Exercise data:
◇ ◇ ◇ ◇ ◇ ◇ ◇

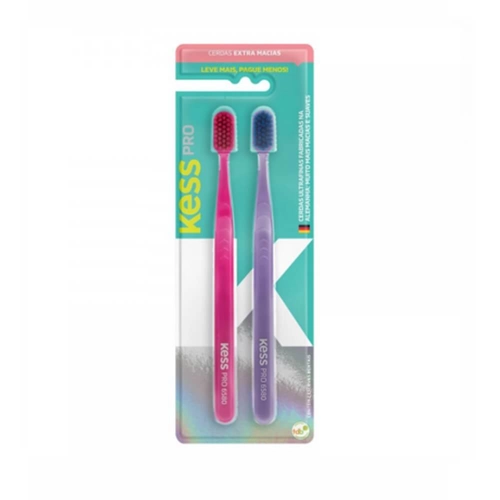 Kit Escova Dental Kess 2105 Pro 2 Unidades Extra Macia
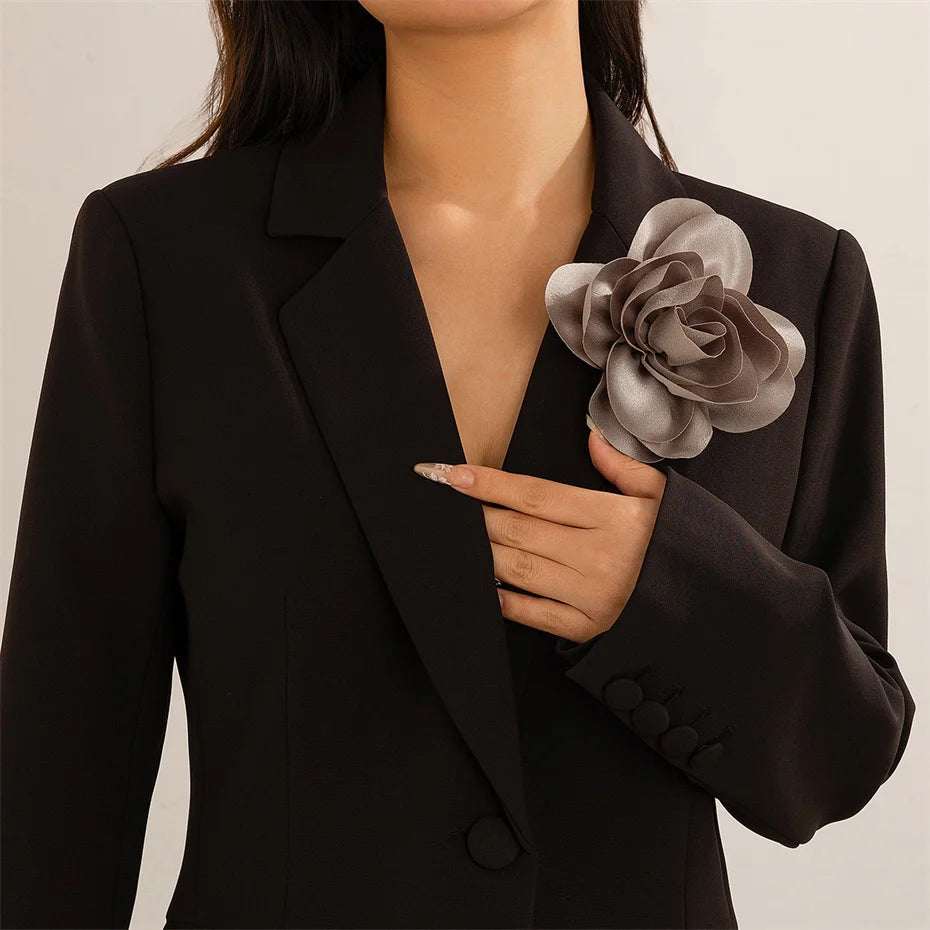 17CM Exaggerate Handmade Large Satin Flower Brooch for Women Wed Bridal Elegant Broochs Party Jewelry Accessories Gift
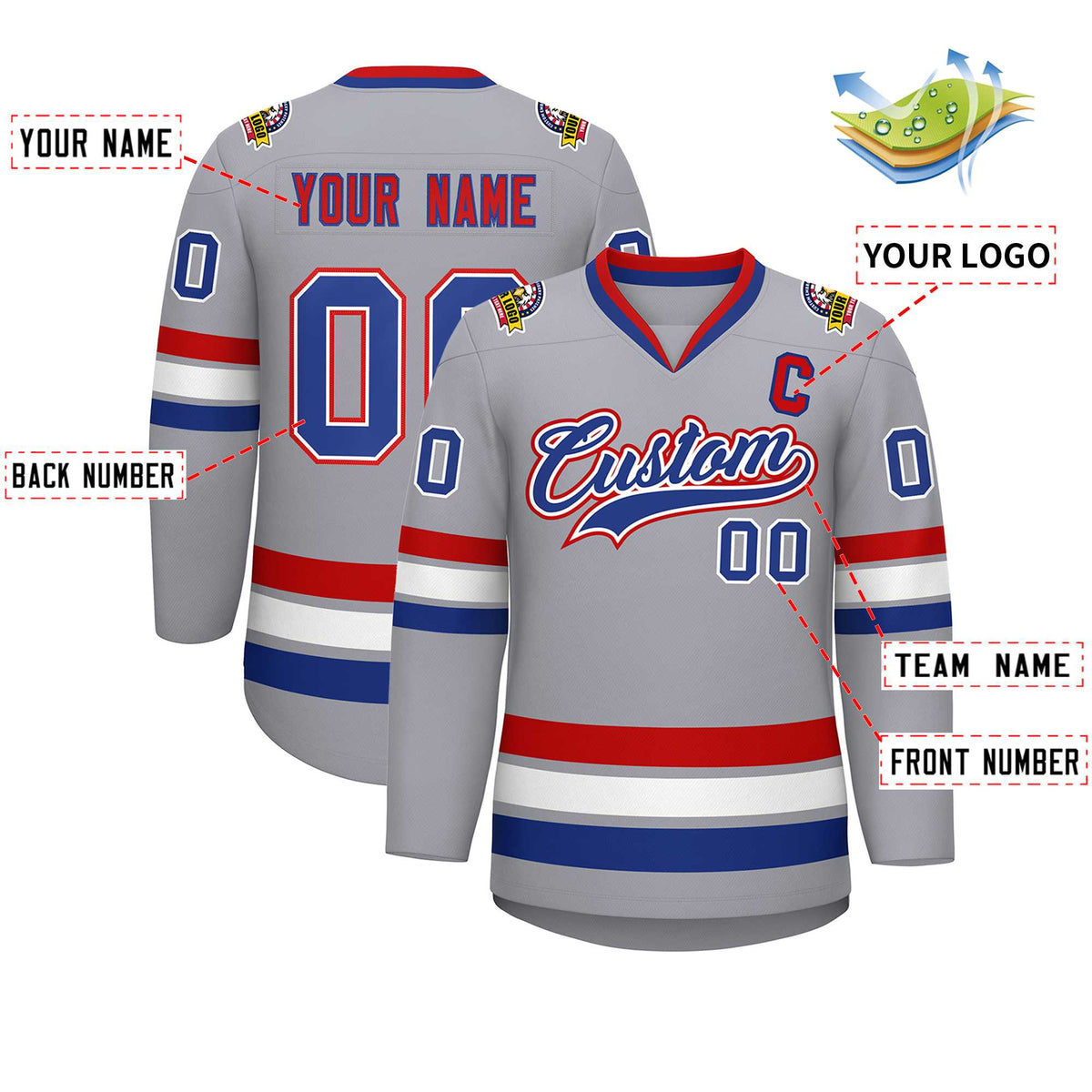 Custom Gray Royal White-Red Classic Style Hockey Jersey | KXKSHOP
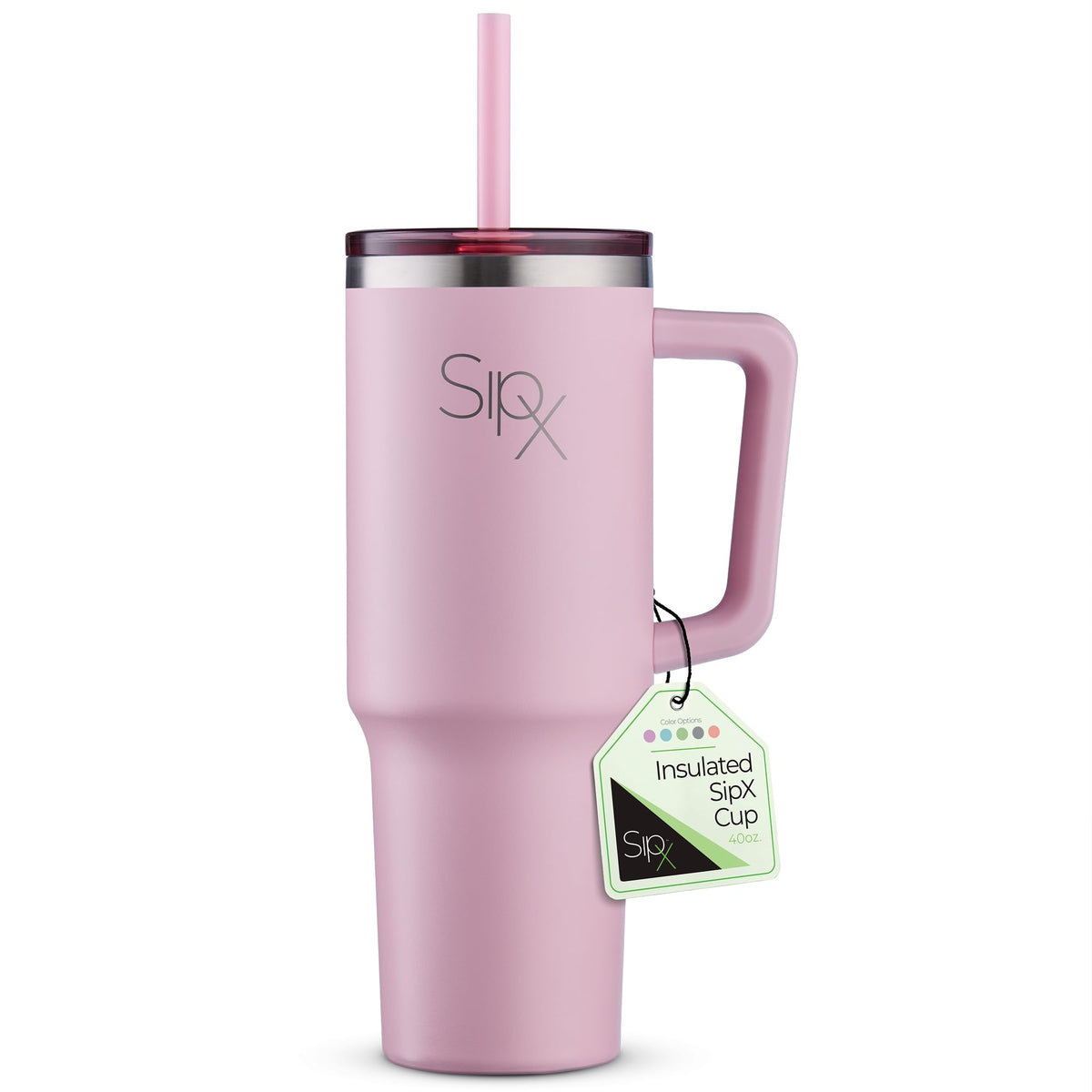 SipX front view pink tumbler showing sleek design and large capacity benefit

◇ ◇ ◇ ◇ ◇ ◇ ◇

What you have to do: Leave every image out when you return the material above word for word.

Result for this task:
 Kit Escova Dental Kess 2105 Pro 2 Unidades Extra Macia
 17CM Exaggerate Handmade Large Satin Flower Brooch for Women Wed Bridal Elegant Broochs Party Jewelry Accessories Gift
 Custom Gray Royal White-Red Classic Style Hockey Jersey | KXKSHOP
 SipX front view pink tumbler showing sleek design and large capacity benefit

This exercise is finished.